This simple grave monument illustrates affluent clients' attraction to modern styles and, by extension, changing ideas of posthumous status representation.
The grave's current appearance is the result of a fundamental alteration of an older grave site following the death of Karel Niesner, a commercial councilor and owner of the Jacob's Valley Envelope and Cardboard Factory in the central Bohemian town of Lochovice. Niesner, a former employee of the company, acquired the more than seventy-year-old business following a devastating fire in the late nineteenth century. He subsequently rebuilt, expanded, and modernized it until, prior to the First World War, it was Austria-Hungary's largest company of its kind. In 1915, the Lochovice paper mill produced 1,600 metric tons of cardboard and a million envelopes every day, along with many other paper goods. Following Niesner's death, the company was taken over by his wife and daughters. With the communist takeover in 1948, the factory was nationalized and put under the administration of the West Bohemian Paper Works in Pilsen. In the years up to 1974, the factory gradually switched to the production of binders and index dividers. Until recently, filing and archiving supplies were still being manufactured here under the Korona brand. Today, the factory grounds are known as the Lochovice Technology Park.

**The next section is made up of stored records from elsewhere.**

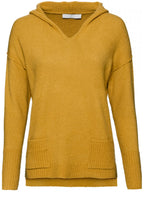 Mustard Hooded Knit Jumper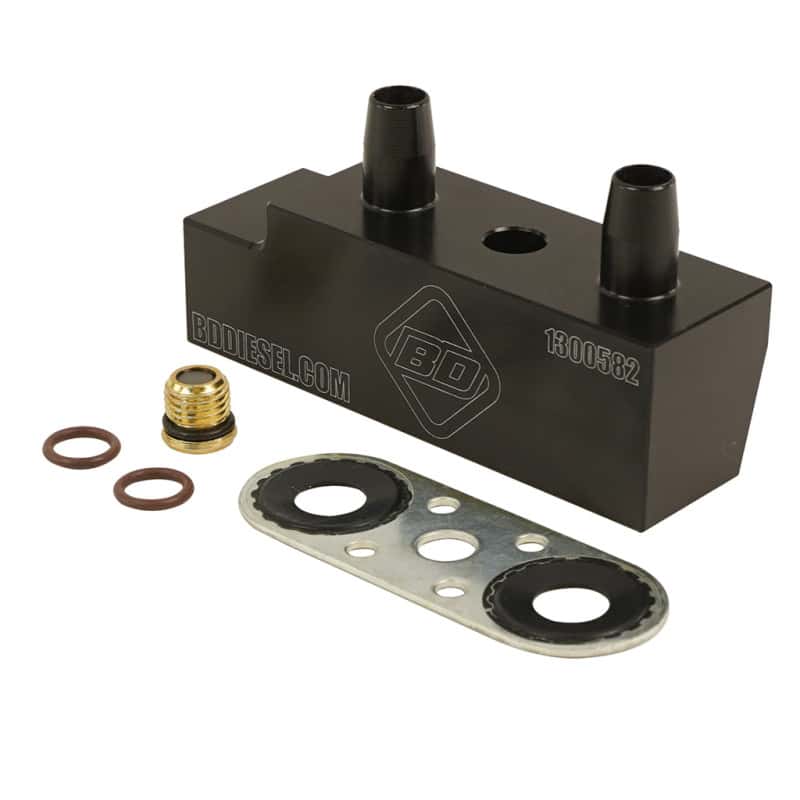 BD Diesel — BD Diesel 14-18 GM 6L80 Cooler Bypass Kit
COOLER BYPASS DELETE
A/TBpsTubeElim - view 1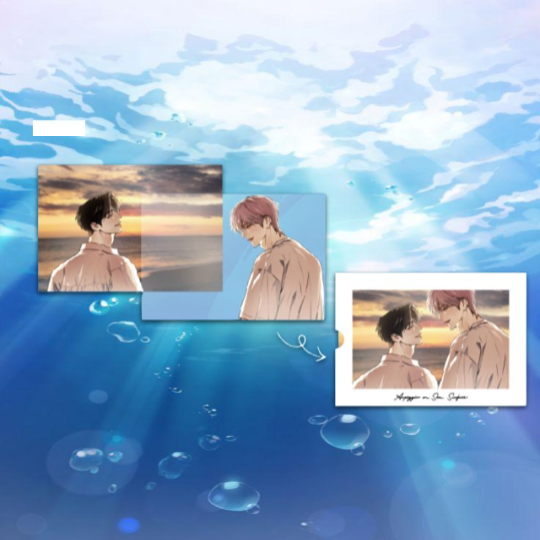 Arpeggio On Sea Surface X BeOn - Layered Photocards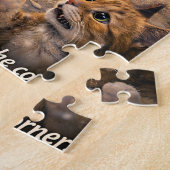 Kat/hond puzzel/grappenmakerij/kat en hond legpuzzel (Zijkant)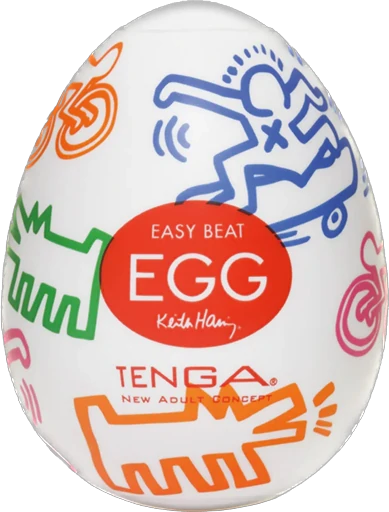 Мастурбатор-яйце Tenga Keith Haring EGG Street SO1649 фото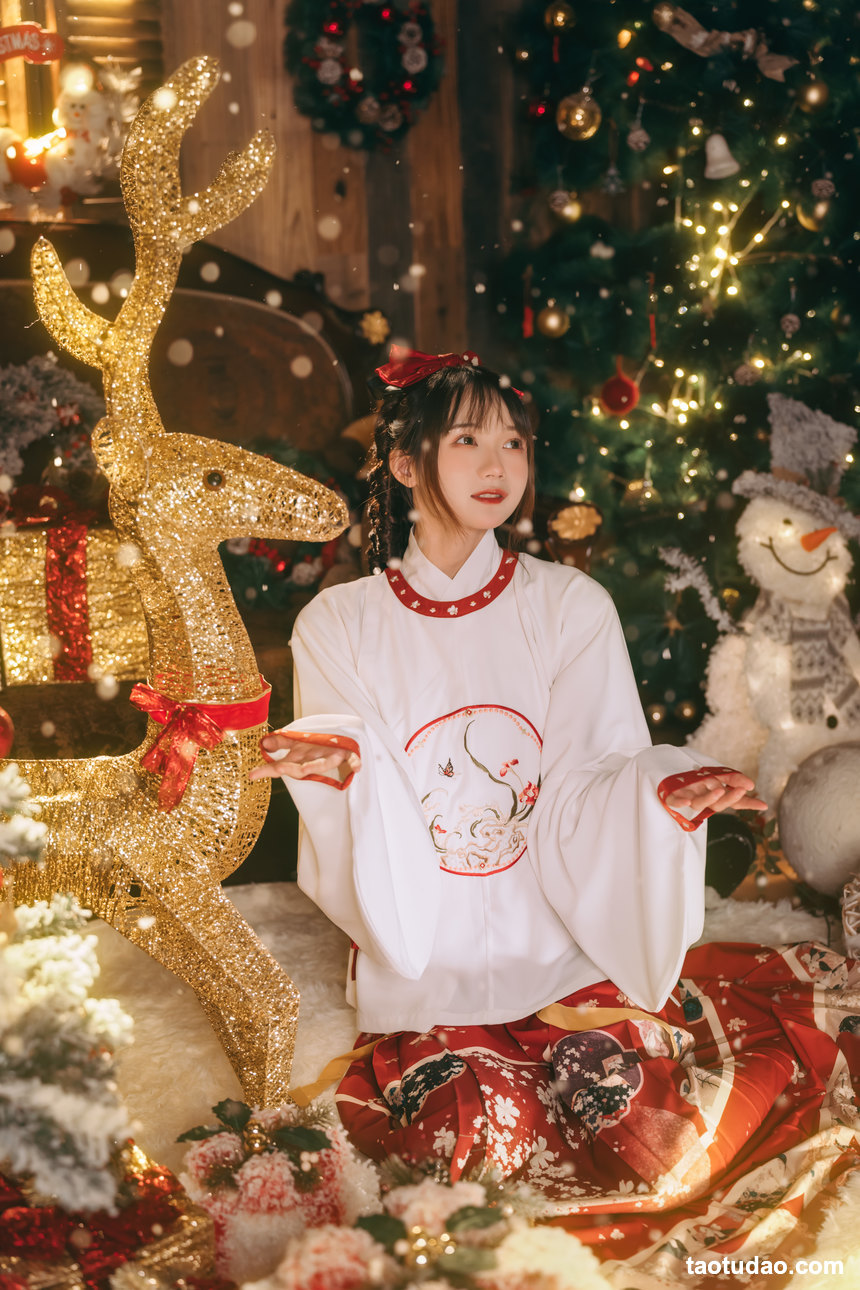 图片[3]-[YITUYU艺图语]2022.12.27 汉洋折衷的圣诞 兔子Zzz不吃胡萝卜[28+1P／194MB]-艺库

In 1930, the task of designing Niesner's grave monument was entrusted to Josef Štěpánek (1881–1964), a graduate of Jan Kotěra's School of Architecture at the Academy of Fine Arts (1919) who also studied at the School of Applied Arts under Josip Plečnik. Štěpánek later designed apartment buildings in Vršovice, Letná, and Pankrác, some of them in a Functionalist style.
The modern grave monument works with an austere stylistic vocabulary limited to the use volumes defined by the principle of orthogonality. The polished black granite grave marker was done by the stonemason Jan Rada. It consists of a horizontally-oriented rectangular stele flanked by two rectangular pillars, to which it was originally connected by a metal grille. The overall volumetric composition also includes a simple stepped ledger whose front face is signed arch. Štěpánek – Jan Rada and son.
Literature
Jacobsthaler Papier-, Pappen- und Kuvert-Fabriken. Lochowitz (Station der Rakonitz-Protiviner Staatsbahn). W. Kiesling's Nachfolger Karl Niesner, Prag. Die Gross-Industrie Österreichs IV, Wien, 1910, s. 197.
Sto čtyřicet let papírny v Lochovicích. Jubilejní sborník. 1825–1965. Lochovice, 1825.
Miloš Garkisch – Marie Tošnerová – Jiří Topinka. Historie a současnost podnikání na Berounsku a Hořovicku. Žehušice, 2006, s. 115–116.
František Sládek. Z kronik a pamětí kraje Horymírova. Lochovice, 2006, s. 85–93.
Jana Tischerová. Pražské hřbitovy, pohřebiště a sepulkrální památky. Praha, 2023, s. 59.